──────── Available records ────────

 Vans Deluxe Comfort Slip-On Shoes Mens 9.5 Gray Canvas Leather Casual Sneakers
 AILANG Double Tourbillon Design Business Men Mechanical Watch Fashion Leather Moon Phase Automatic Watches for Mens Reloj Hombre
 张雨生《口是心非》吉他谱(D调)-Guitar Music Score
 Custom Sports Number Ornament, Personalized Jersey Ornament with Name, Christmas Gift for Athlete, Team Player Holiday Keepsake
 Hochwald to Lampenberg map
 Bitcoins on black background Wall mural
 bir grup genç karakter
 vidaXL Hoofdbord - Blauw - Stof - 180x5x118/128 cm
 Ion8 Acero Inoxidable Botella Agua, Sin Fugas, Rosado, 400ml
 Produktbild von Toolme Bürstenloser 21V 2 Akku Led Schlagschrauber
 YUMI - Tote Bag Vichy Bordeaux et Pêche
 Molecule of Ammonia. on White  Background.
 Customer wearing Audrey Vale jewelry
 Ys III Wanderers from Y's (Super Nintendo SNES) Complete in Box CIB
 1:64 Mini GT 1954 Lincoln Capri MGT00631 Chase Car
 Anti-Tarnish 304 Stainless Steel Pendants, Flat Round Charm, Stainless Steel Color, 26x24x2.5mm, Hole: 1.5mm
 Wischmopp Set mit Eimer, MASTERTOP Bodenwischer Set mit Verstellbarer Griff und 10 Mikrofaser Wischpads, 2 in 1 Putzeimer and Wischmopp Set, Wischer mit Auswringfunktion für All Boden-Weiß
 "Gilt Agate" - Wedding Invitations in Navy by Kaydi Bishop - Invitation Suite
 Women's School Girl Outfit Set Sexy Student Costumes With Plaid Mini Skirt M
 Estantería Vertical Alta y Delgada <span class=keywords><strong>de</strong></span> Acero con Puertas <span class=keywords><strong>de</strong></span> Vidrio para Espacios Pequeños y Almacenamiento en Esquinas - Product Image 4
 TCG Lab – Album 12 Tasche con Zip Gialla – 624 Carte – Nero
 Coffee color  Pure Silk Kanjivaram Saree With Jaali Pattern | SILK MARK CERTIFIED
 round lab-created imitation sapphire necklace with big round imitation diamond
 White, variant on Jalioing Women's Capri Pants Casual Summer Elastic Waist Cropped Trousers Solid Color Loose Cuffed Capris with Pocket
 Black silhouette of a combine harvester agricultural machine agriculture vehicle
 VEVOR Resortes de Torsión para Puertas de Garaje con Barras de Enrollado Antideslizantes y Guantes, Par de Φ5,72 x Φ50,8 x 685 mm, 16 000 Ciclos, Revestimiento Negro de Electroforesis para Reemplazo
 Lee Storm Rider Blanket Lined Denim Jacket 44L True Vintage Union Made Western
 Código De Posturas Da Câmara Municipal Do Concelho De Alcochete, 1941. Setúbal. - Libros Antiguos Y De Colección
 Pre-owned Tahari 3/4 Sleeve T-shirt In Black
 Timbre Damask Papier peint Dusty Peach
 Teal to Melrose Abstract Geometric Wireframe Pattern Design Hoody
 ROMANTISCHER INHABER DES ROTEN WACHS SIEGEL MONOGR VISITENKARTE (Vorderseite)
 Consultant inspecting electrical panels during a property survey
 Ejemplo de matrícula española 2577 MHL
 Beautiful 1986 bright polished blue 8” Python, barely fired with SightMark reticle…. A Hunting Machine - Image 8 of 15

────────

Problem: Exactly what appears above must be set down again in full.

Task solution:
 Vans Deluxe Comfort Slip-On Shoes Mens 9.5 Gray Canvas Leather Casual Sneakers
 AILANG Double Tourbillon Design Business Men Mechanical Watch Fashion Leather Moon Phase Automatic Watches for Mens Reloj Hombre
 张雨生《口是心非》吉他谱(D调)-Guitar Music Score
 Custom Sports Number Ornament, Personalized Jersey Ornament with Name, Christmas Gift for Athlete, Team Player Holiday Keepsake
 Hochwald to Lampenberg map
 Bitcoins on black background Wall mural
 bir grup genç karakter
 vidaXL Hoofdbord - Blauw - Stof - 180x5x118/128 cm
 Ion8 Acero Inoxidable Botella Agua, Sin Fugas, Rosado, 400ml
 Produktbild von Toolme Bürstenloser 21V 2 Akku Led Schlagschrauber
 YUMI - Tote Bag Vichy Bordeaux et Pêche
 Molecule of Ammonia. on White  Background.
 Customer wearing Audrey Vale jewelry
 Ys III Wanderers from Y's (Super Nintendo SNES) Complete in Box CIB
 1:64 Mini GT 1954 Lincoln Capri MGT00631 Chase Car
 Anti-Tarnish 304 Stainless Steel Pendants, Flat Round Charm, Stainless Steel Color, 26x24x2.5mm, Hole: 1.5mm
 Wischmopp Set mit Eimer, MASTERTOP Bodenwischer Set mit Verstellbarer Griff und 10 Mikrofaser Wischpads, 2 in 1 Putzeimer and Wischmopp Set, Wischer mit Auswringfunktion für All Boden-Weiß
 "Gilt Agate" - Wedding Invitations in Navy by Kaydi Bishop - Invitation Suite
 Women's School Girl Outfit Set Sexy Student Costumes With Plaid Mini Skirt M
 Estantería Vertical Alta y Delgada <span class=keywords><strong>de</strong></span> Acero con Puertas <span class=keywords><strong>de</strong></span> Vidrio para Espacios Pequeños y Almacenamiento en Esquinas - Product Image 4
 TCG Lab – Album 12 Tasche con Zip Gialla – 624 Carte – Nero
 Coffee color  Pure Silk Kanjivaram Saree With Jaali Pattern | SILK MARK CERTIFIED
 round lab-created imitation sapphire necklace with big round imitation diamond
 White, variant on Jalioing Women's Capri Pants Casual Summer Elastic Waist Cropped Trousers Solid Color Loose Cuffed Capris with Pocket
 Black silhouette of a combine harvester agricultural machine agriculture vehicle
 VEVOR Resortes de Torsión para Puertas de Garaje con Barras de Enrollado Antideslizantes y Guantes, Par de Φ5,72 x Φ50,8 x 685 mm, 16 000 Ciclos, Revestimiento Negro de Electroforesis para Reemplazo
 Lee Storm Rider Blanket Lined Denim Jacket 44L True Vintage Union Made Western
 Código De Posturas Da Câmara Municipal Do Concelho De Alcochete, 1941. Setúbal. - Libros Antiguos Y De Colección
 Pre-owned Tahari 3/4 Sleeve T-shirt In Black
 Timbre Damask Papier peint Dusty Peach
 Teal to Melrose Abstract Geometric Wireframe Pattern Design Hoody
 ROMANTISCHER INHABER DES ROTEN WACHS SIEGEL MONOGR VISITENKARTE (Vorderseite)
 Consultant inspecting electrical panels during a property survey
 Ejemplo de matrícula española 2577 MHL
 Beautiful 1986 bright polished blue 8” Python, barely fired with SightMark reticle…. A Hunting Machine - Image 8 of 15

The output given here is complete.